When the data is in a vector database, it can be instantly updated and available for querying, avoiding the need for fine-tuning to “batch up the data.”
RAG also offers fine-grained access control by giving developers the ability to determine precisely what is queried. For example, with a chatbot, the developer can introduce code to ensure that the query filters only allow personal data to be retrieved related to the person asking for the data.
RAG is made possible by orchestration tools like LangChain or LlamaIndex, which act as a sort of bridge that connects (or “chains”) models to a wide variety of proprietary and public data.
Fine-tuning is the right choice when a vector embedding model needs to be updated to produce more accurate vectors. It might be sufficient when updating a model with publicly accessible data that isn’t likely to change or need updates often. Fine-tuning a model that uses the right corporate vernacular is one example; the new data is not likely to be time-constrained, and the training dataset is most likely limited. You might also use it when a certain task requires accuracy to a degree that it justifies throwing a lot of resources at it (Bloomberg did this when it built BloombergGPT earlier this year).

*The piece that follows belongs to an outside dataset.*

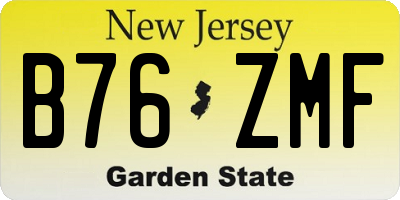 NJ license plate B76ZMF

But when data needs to be protected, private and up-to-the-second accurate, it needs to be in a database, not in the model.
The reality is that AI in production ends up being personalized AI. It’s a company like Skypoint AI making medical recommendations. It’s Macquarie Bank giving you financial planning advice. It’s Priceline helping you plan your travel based on your travel preference.
Under no circumstances should a model be fine-tuned with an electronic medical record or a bank account or your personal travel history.
Making RAG a part of an AI architecture extends the capability of the LLM by securely providing it with relevant, proprietary knowledge exactly when it’s required; the corpus of knowledge that’s accessible to the model in a vector database can be expanded and updated without expensive model-training jobs.